In 1856, Na'ib Ghulam Muhammad Khan governed Khost on behalf of the Muhammadzai administration. His rule was widely regarded as oppressive, particularly due to revenue enforcement and the sequestration of lands whose owners had fled, reportedly to evade taxation.

== Rebellion ==
In early 1856, resistance escalated into open rebellion. In February, minor clashes occurred between government forces and tribal groups. By March, an estimated 5,000 to 6,000 Khostwals and Wazirs besieged the fort of Khost. Early reports reaching Kabul suggested that the primary aim of the siege was to eliminate the permanent physical presence of the Muhammadzai administration in the region.

Mediation was undertaken by Sahibzada Ziya al-Din, a religious figure respected in both Khost and Waziristan. Following negotiations, the Khost tribes declared themselves willing to resume revenue payments under three conditions:

1. Na'ib Ghulam Muhammad Khan would be removed from office.
2. Lands sequestered by the government would be returned to their original owners.
3. Government forts in Khost would be abandoned and their garrisons withdrawn.

These conditions were accepted by the son of Sardar Muhammad A‘zam Khan, who was operating in the area on behalf of the central government. Despite this concession, the rebellion continued.

== Escalation and expulsion of officials ==
In July 1856, government revenue officials were driven out of Khost, reportedly stripped of their possessions and weapons. Kabul subsequently ordered that no further revenue demands be pursued temporarily.

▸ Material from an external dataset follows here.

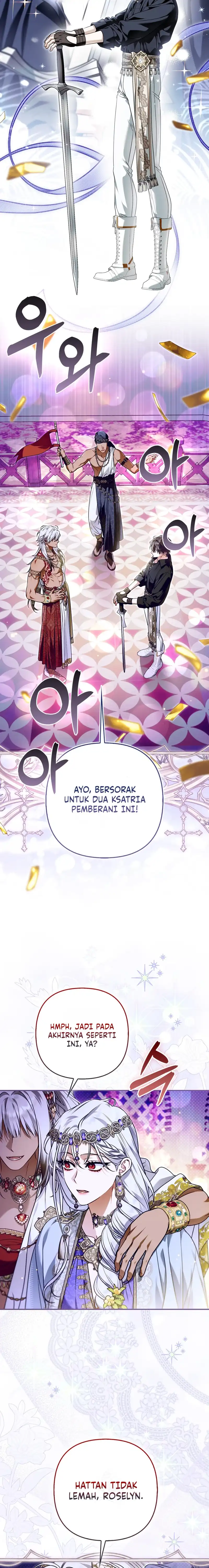 Baca The Baddest Villainess Is Back Chapter 28 Bahasa Indonesia page 16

Resentment against Na'ib Ghulam Muhammad Khan persisted, however, and in August 1856 he was expelled from Khost by approximately 1,000 attackers. During subsequent negotiations, it emerged that opposition to his rule had been intensified by allegations that he had abducted three local women, an act regarded as a serious violation of tribal honor.

== Causes ==
The rebellion was motivated by more than opposition to taxation alone. Contemporary accounts indicate that the uprising represented a response to what the Khostwals perceived as a twofold assault on Pashtun honor interference with tribal land ownership and violations involving women. These actions were seen as incompatible with accepted norms of governance and social conduct in the region.

== Aftermath ==
The rebellion continued into early 1857 but gradually subsided following the withdrawal of government officials and the suspension of revenue collection. Although Muhammadzai authority was formally restored, effective state control over Khost remained limited, and the episode highlighted the difficulties faced by the Afghan state in enforcing centralized rule over autonomous tribal regions.